- **Directions**: Below are some entries. Return exactly the lines from the one with "Idraé® Crème hydratante" through the final line, leaving out any pictures.

- **Given information**:
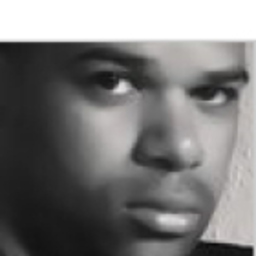 Daniel Bernardo's profile picture
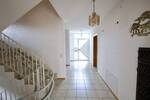 Einfamilienhaus Malsch - 4 Zimmer, 165 m&sup2;, 638.000&euro; | Angebot:26127332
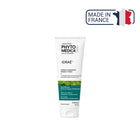 Idraé® Crème hydratante - pieds et mains - 75 ml - Phytomedica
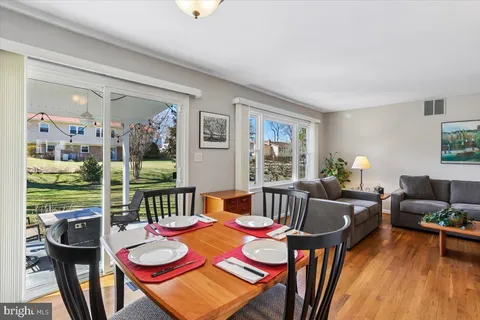 $725,000 | 22 Cullinan Drive, Gaithersburg, MD 20878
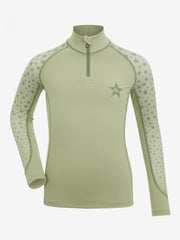 LeMieux Mini Base Layer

- **Solution to this task**:
 Idraé® Crème hydratante - pieds et mains - 75 ml - Phytomedica
 $725,000 | 22 Cullinan Drive, Gaithersburg, MD 20878
 LeMieux Mini Base Layer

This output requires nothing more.